WM: Several libraries can vie for 'busiest library' PR, but the sentence so obscures the issue that it becomes misinformation in the headline. If hours open, type of library (regional or community or central), amount of space, materials budget, and staff are justly factored into the equation that could become information. Library stats, while boring as cow dung, make winkling out that information very tricky indeed. MPL stats are largely unreliable for making logical decisions about anything.
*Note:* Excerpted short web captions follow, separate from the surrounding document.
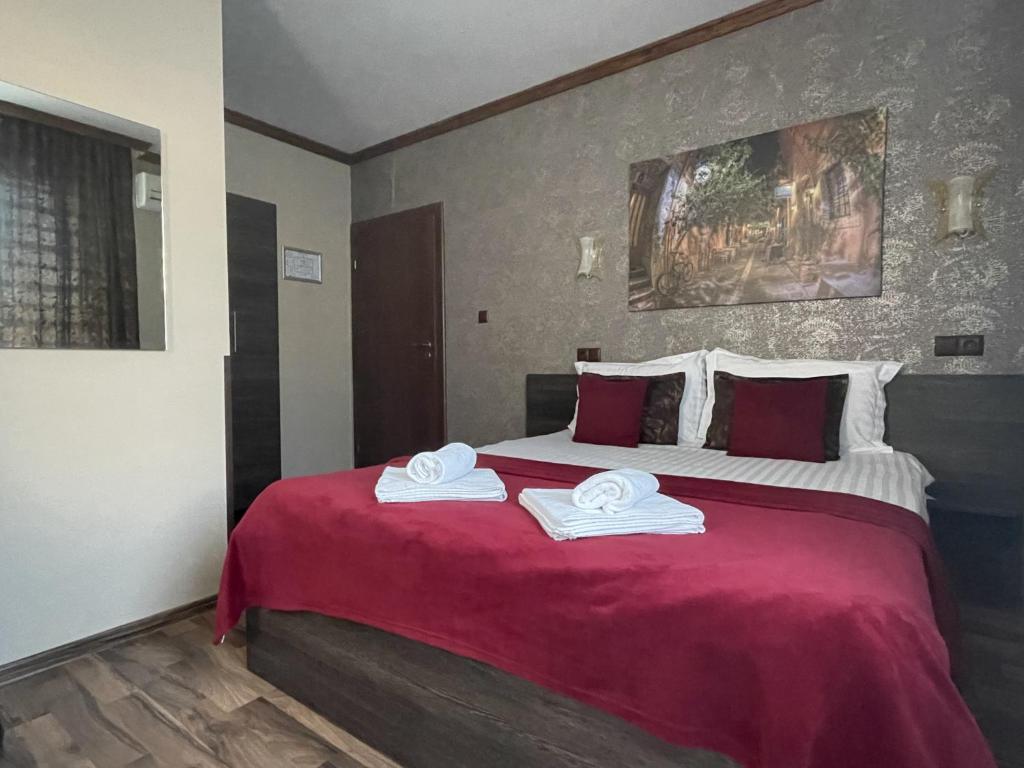 A bed or beds in a room at Asya Guest House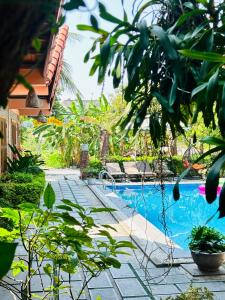 a swimming pool in the middle of a garden at Tam Coc Summer Bungalow in Ninh Binh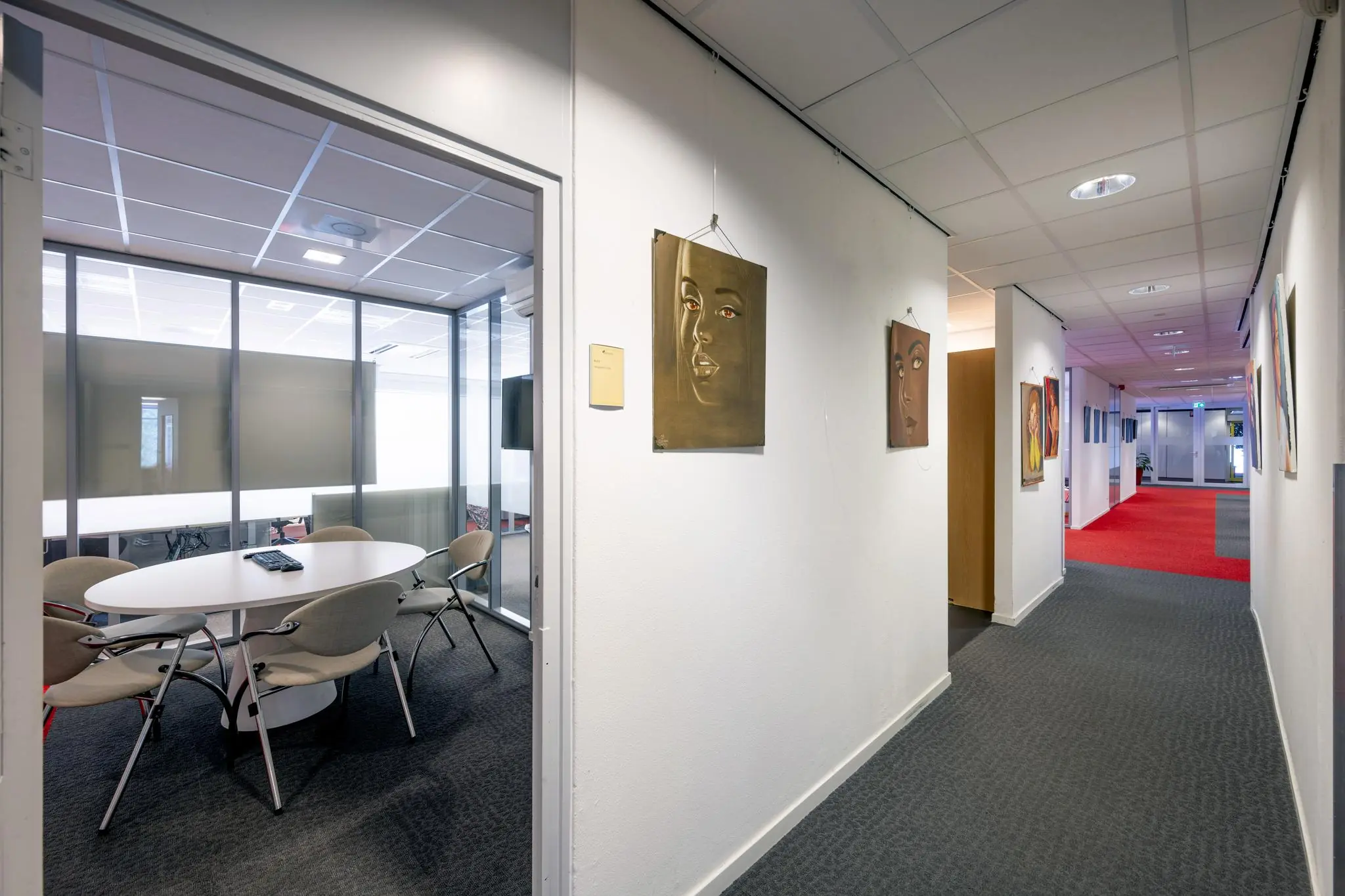 Gang in een kantoorgebouw aan de Jan Tooropstraat met kunst aan de muur en een vergaderruimte links.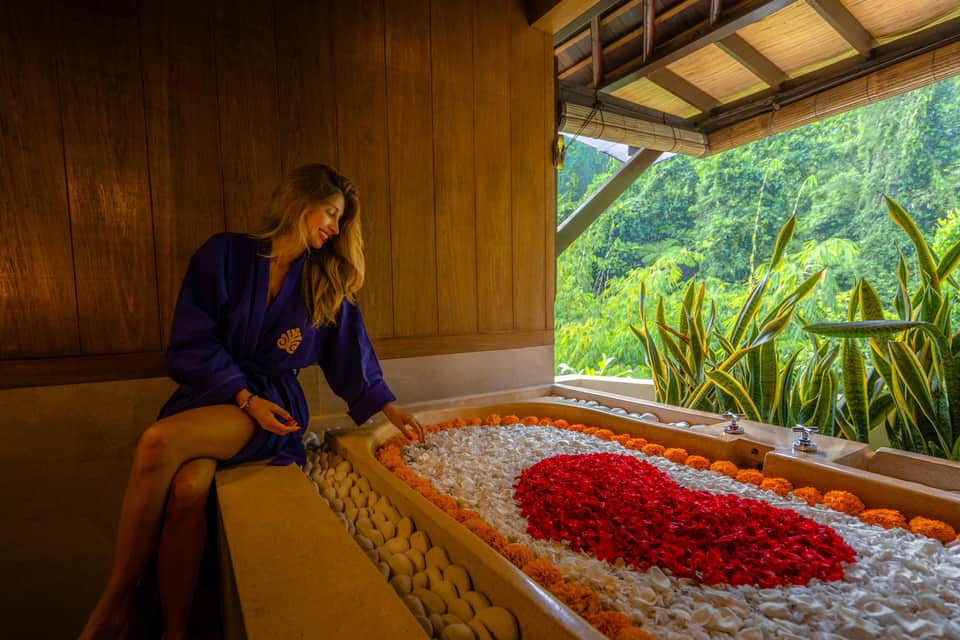 Woman in blue robe relaxing in flower petal bath with jungle mountain views through window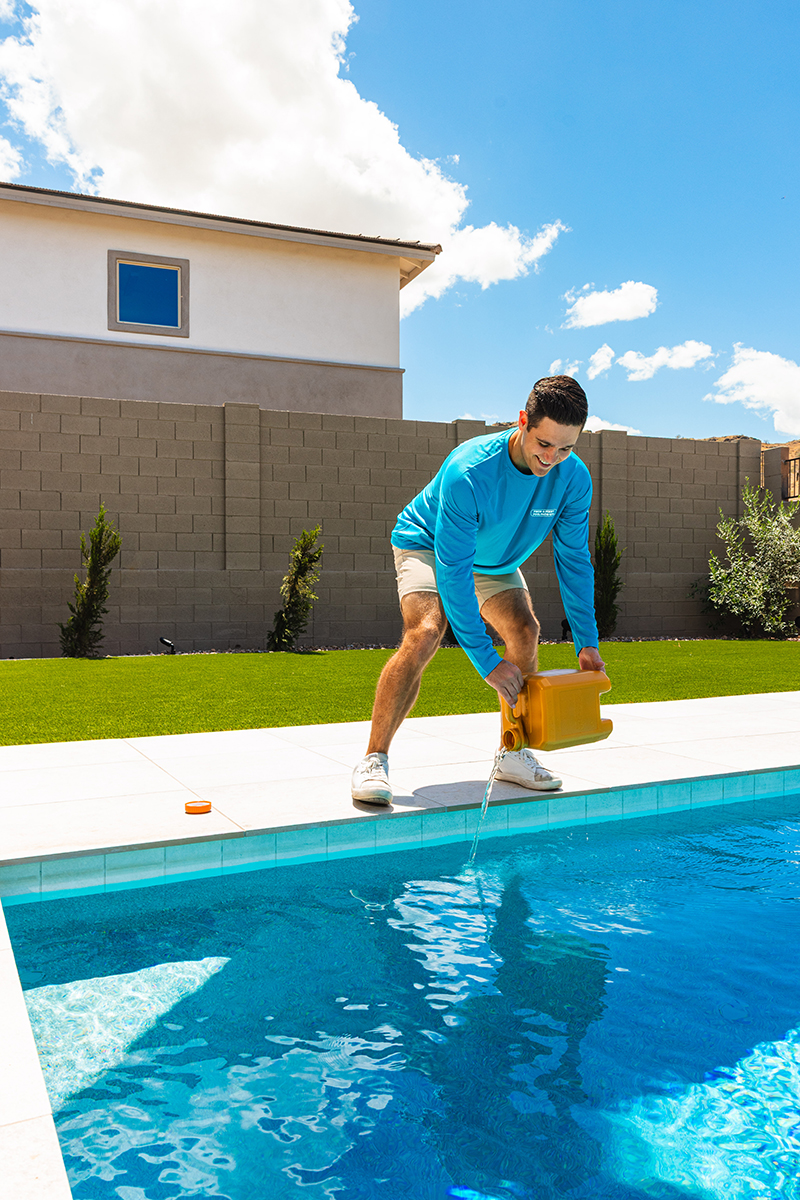 Man beside an Arizona pool pouring liquid chlorine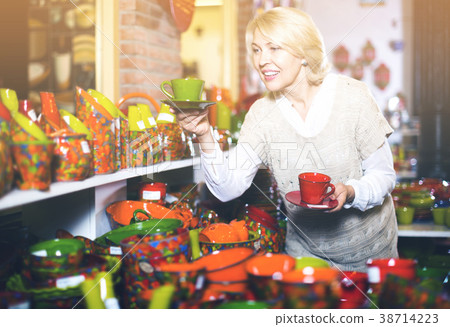 Smiling mature woman customer buying ceramic cup Smiling mature woman customer buying ceramic cup 38714223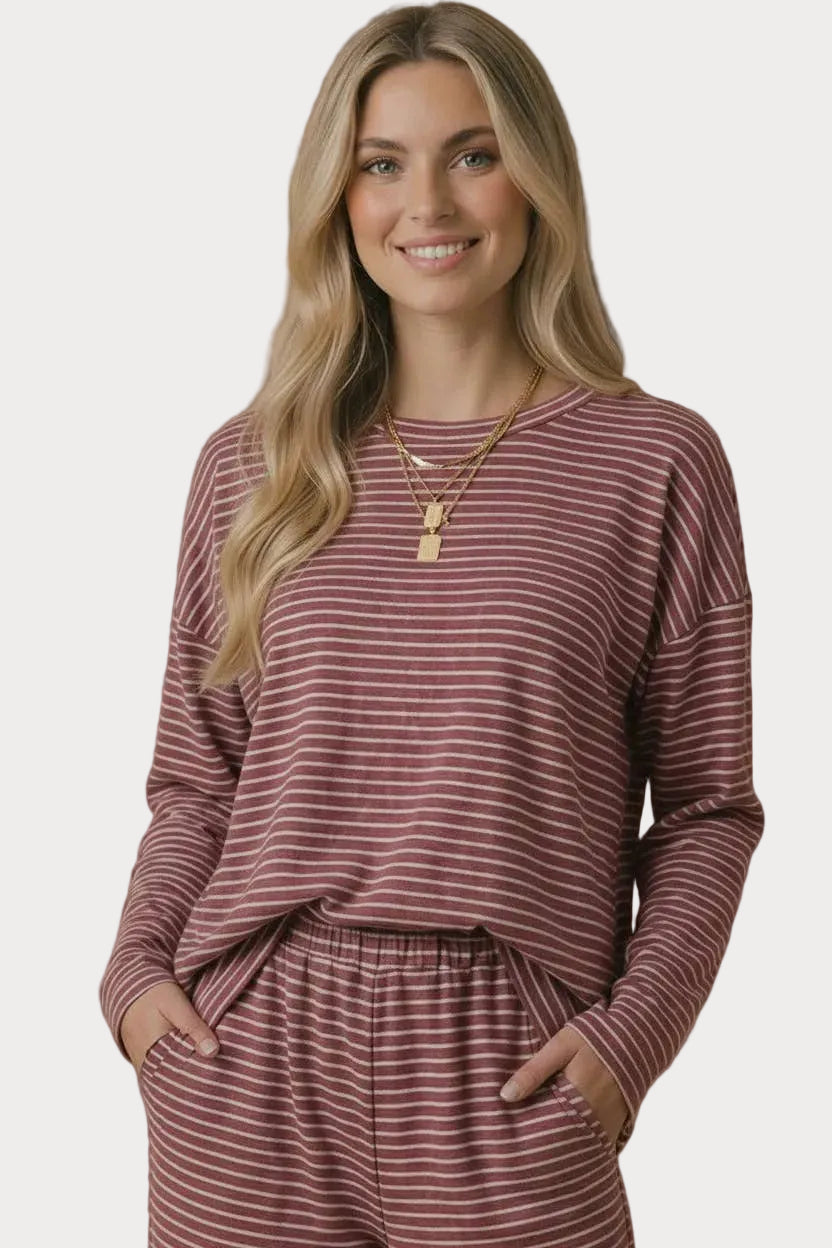Women's relaxed mulberry and cream striped long sleeve French terry tee with dropped shoulders.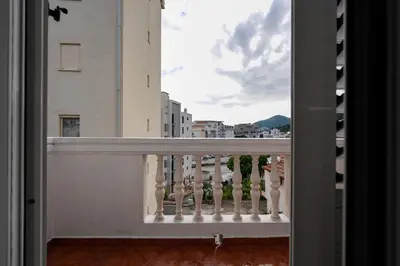 a balcony with a view of a city at Porta Volta Apartments in Becici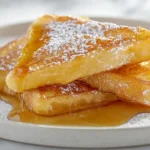 Cracker Barrel French toast served with powdered sugar and syrup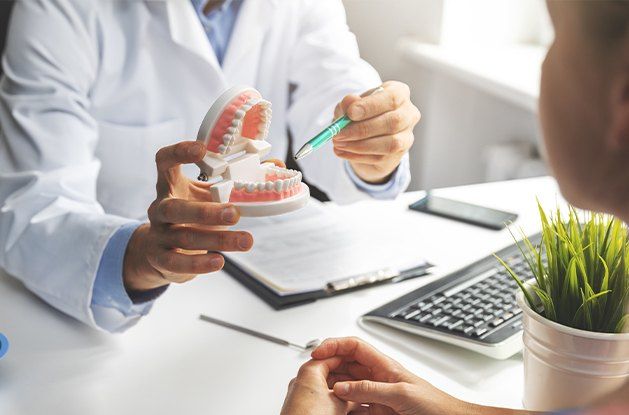 dentist pointing to mock teeth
... the library is being redesigned to meet an increased demand for study space and electronic and print resources. The new library will feature expanded teen and family areas plus a larger space for its popular world language collections. The project is part of a $166 million capital improvement plan designed to upgrade all the city's libraries by 2010.


WM: This is the information contained in the post. Study space for more students, both child and adult; print and electronic space (and the equipment and resources to fill it); and an expanding world languages collection TO MEET AN INCREASED DEMAND. It is a feather in the cap of Managing Librarian Jerry Blue and his staff. (Jerry has been transferred to North Regional in the last year, worse luck.) It means that East Lake, as a particular outpost of the Mpls. Public Library, is pulling in boucoup patrons. It also means that the library system has been responsive to some of its constituencies. Say Amen, Somebody.

How much of the cost of government is due to "over-design?"

WM: I have no idea. But I'm willing to bet you dollars to doughnuts that over-design does not come into the picture at East Lake Library..

I don't believe
that building a library is rocket science these days.


WM: Probably not, but there are several of the sciences which come into play: heavier foundations to support the weight of the materials as static weight, estimating the number of patrons a building without any additional land can support, building enough library so that the enlargement works over a goodly span of time, yadda-yadda.

Or maybe it is, after looking at the wings on the new downtown library.


WM: Actually, I think a system that allows a library to hover above the land with the patrons beamed up into it would be a lot more interesting, but maybe a smidgen too spendy.